- October 30, 2019
We define Project Management as the application of knowledge, skills, tools and techniques to project activities to achieve agreed deliverables. In isolation, a successful project would simply look like the completion of a said set of tasks (within schedules and budget of course!)
Change and Project Management are linked as they usually have a mutual business goal, however they are often confused. Make no mistake, they are different disciplines.
Whereas Project Management focuses on the processes and activities needed to complete a project, such as a new software application, Change Management focuses on the people affected by those projects. Change Management covers the processes, tools and techniques to manage the people side of change, to achieve a required business outcome.
Most successful projects should have a significant and lasting impact on the business and its stakeholders; project and change managers need to work hand-in-hand to ensure a project’s long-term success.
Most organisational change efforts take longer and cost more money than leaders and managers anticipate. In fact, research from McKinsey and Company shows that 70% of all transformation projects fail.

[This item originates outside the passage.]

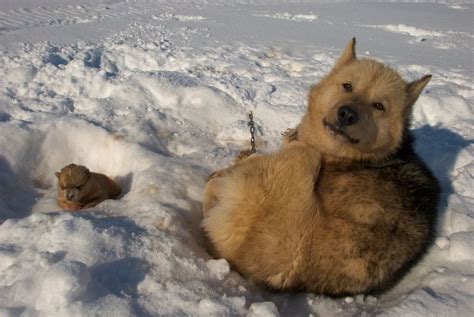 Pin On Х Greenland Dog Gronlandshund Esquimaux Dog Greenland Husky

That stat is likely one that you have heard before – in fact, that failure rate may actually be increasing, according to recent research from IBM. In an increasingly connected world, which is moving faster than ever before, our need to change is growing – but our ability to do so effectively seems to be shrinking.

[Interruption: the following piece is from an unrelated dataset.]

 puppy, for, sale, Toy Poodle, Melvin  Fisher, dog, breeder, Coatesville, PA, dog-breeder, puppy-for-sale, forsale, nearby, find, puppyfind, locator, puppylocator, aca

Nearly 60% of the executives and project managers surveyed in that study say changing mind-sets and attitudes is the biggest challenge to implementing change in the workplace, with Corporate culture second at 41%.
Therefore, it is fair to say that changing behaviours is hard, yet vital to the overall success of a project. This is the role of the Change Manager.
Changing mind-sets has been found to be difficult for a number of reasons – one of these is change fatigue – the result of past failures tormenting the attitudes of current employees and the sacrifices they have made during a previous, likely arduous, transformation project.
Another is that of “inertia” – pulling people back into their previous, more comfortable ways. This can be termed ‘homeostasis’ – the tendency for systems to maintain their current state.
Projects will often finish before the change is fully embedded and, because the overall project success rests on the change becoming the new normal, further investment may be required.
In our experience, one of the greatest contributors to success in change management is that of “active and visible sponsorship” from leaders – found at all levels of the business – enforcing the behaviours and processes aligned to the project goals and sharing successes along the way. Successful transformations must be led by ecosystems of leaders across the entire organisation.
The best way of achieving this is through an effective, consistently applied management operating system that encourages active management and visible sponsorship.
Changing behaviour is not a one-off task, but needs to be a continual effort until new habits are formed – it doesn’t end just because the Project Manager says we have got to the end of the project schedule.